The symposium leads with a summary of the book by Harry M. Marks (The Johns Hopkins University), to be followed by comments (in separate messages) from Prof. Victoria de Grazia (Columbia University), David Hammack (Case Western Reserve University), Seth Koven (Villanova University), Sonya Michel (University of Illinois at Urbana-Champagne), and Pierre-Yves Saunier (CNRS, Lyon). The author's own comments can be found linked to each individual review.
Anyone who is interested in accessing the colloquium, in whole or in part, can do so in the Book Review Logs under the headings of H-Sci-Med-Tech, H-State, and H-Urban. All of the individual posts will be placed under each list's header.
Readers of Daniel Rodger's capacious new work might want to appreciate the symmetry between its author's eclectic method and intrepid research abroad and the assorted cultural interests and arduous trans-Atlantic voyages of the book's protagonists, U.S. progressive reformers. The result of one and the other foray into foreign lands is an enlarged and enriched frame of citation, the progressives using theirs to legislate reforms on behalf of social welfare, the historian using his to analyze the legacy of that action. To stretch this analogy further, we might also note that whereas the progressive reformers drew on their experience abroad to produce a novel, if distinctly American liberal reform tradition, the author has drawn on his to produce a novel, if decidedly "made in U.S.A." interpretation of its origins.
This explanation emphasizes the supply as opposed to the demand side of social reform. It foregrounds the press of new ideas and experiments circulating through the North Atlantic world as opposed to the pressures from below arising from social struggles, the collective awakening to notions of social risks, or the implacable drive on the part of aggressive nation-states to engage in hygienizing bio-politics; all of the latter are arguments that European historians of similar phenomena have advanced to explain the origins and character of early twentieth century social reform. Vigorous if a bit ingenuous, serendipitous and piecemeal, the U.S. reform movement, as it is characterized here, ultimately seems very distant from the projects of capitalist reform in Europe. This is notwithstanding that it drew so insistently upon them as an inspiration.
Whether or not the supply of ideas is as crucial to reformist undertakings as Rodgers makes out here, whether or not he adequately addresses the paradox of why American reform which appeared to be converging with the European then diverged from it, he does convincingly show how much contact there was among turn-of-the century critics of market society and how important this cross-Atlantic circuit was to the education of American reformers.
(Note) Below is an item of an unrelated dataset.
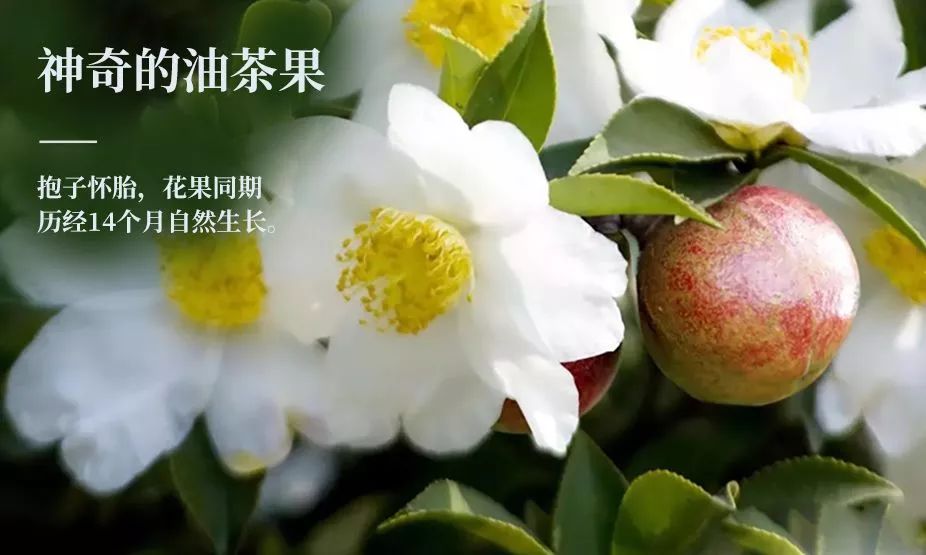 微信图片_20190328103505.jpg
My own queries turn here on two issues related to this traffic in ideas and institutions: first, on characterizing the cross-national terrain over which they moved, and second, on interpreting their consumption in milieu so very distant from their original place of conception. Both issues present themselves in a similar context, though from a different vantage point when, in the wake of World War I, continental Europe began to face the challenge of American models of market culture. Sweeping over the old problematic of capitalist reform, this U.S. wave of social invention carried with it the concept of the "standard of living" engineered by access to mass consumption, and would eventually become the hegemonic current, influencing European reformism more and more from the second half of the century.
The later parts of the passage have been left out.